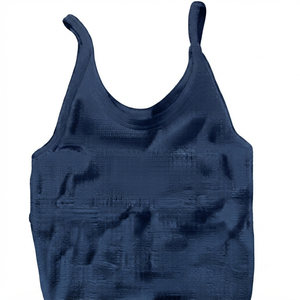 Débardeur Femme Léger et Respirant en Tricot Spandex/Polyester – Collection Été – Vente en Gros à Prix Abordable - Product Image 2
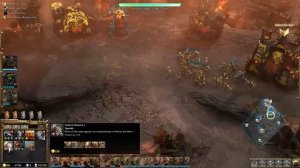 Warhammer 40,000: Dawn of War 3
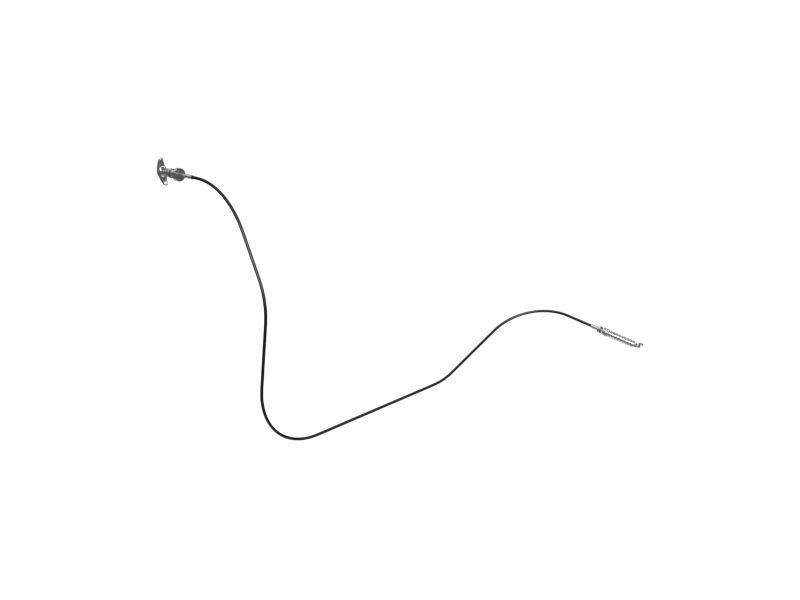 Кабель в сборе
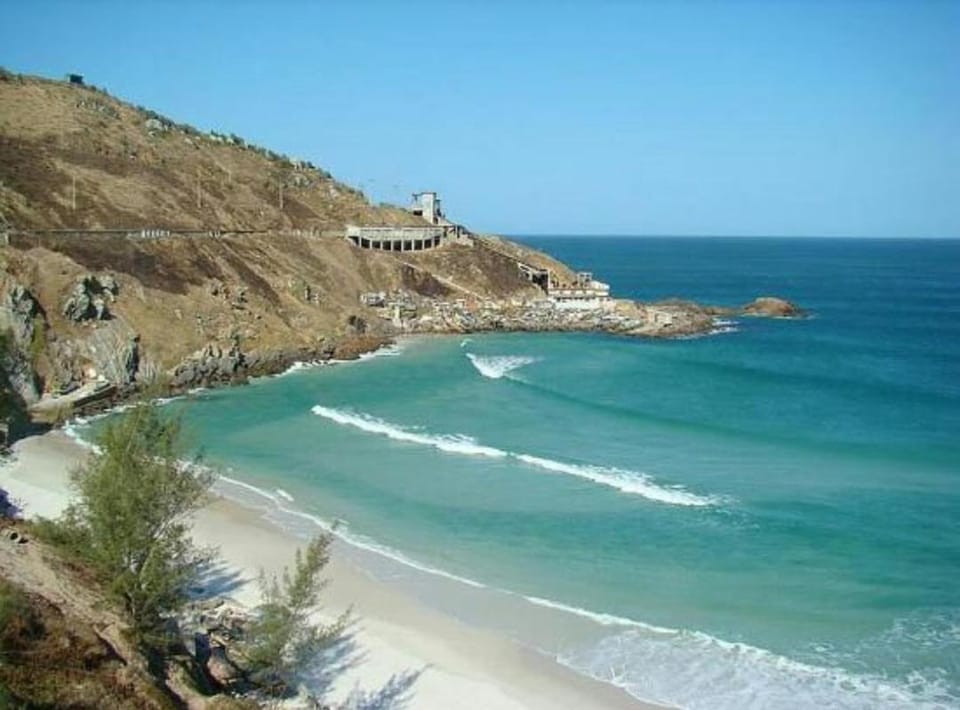 Caribe do Farol Apartment in State of Rio de Janeiro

◆ **What needs to be done**:
Everything in the material above must be repeated exactly, apart from its pictures.

◆ **Solution to the exercise**:
 Débardeur Femme Léger et Respirant en Tricot Spandex/Polyester – Collection Été – Vente en Gros à Prix Abordable - Product Image 2
 Warhammer 40,000: Dawn of War 3
 Кабель в сборе
 Caribe do Farol Apartment in State of Rio de Janeiro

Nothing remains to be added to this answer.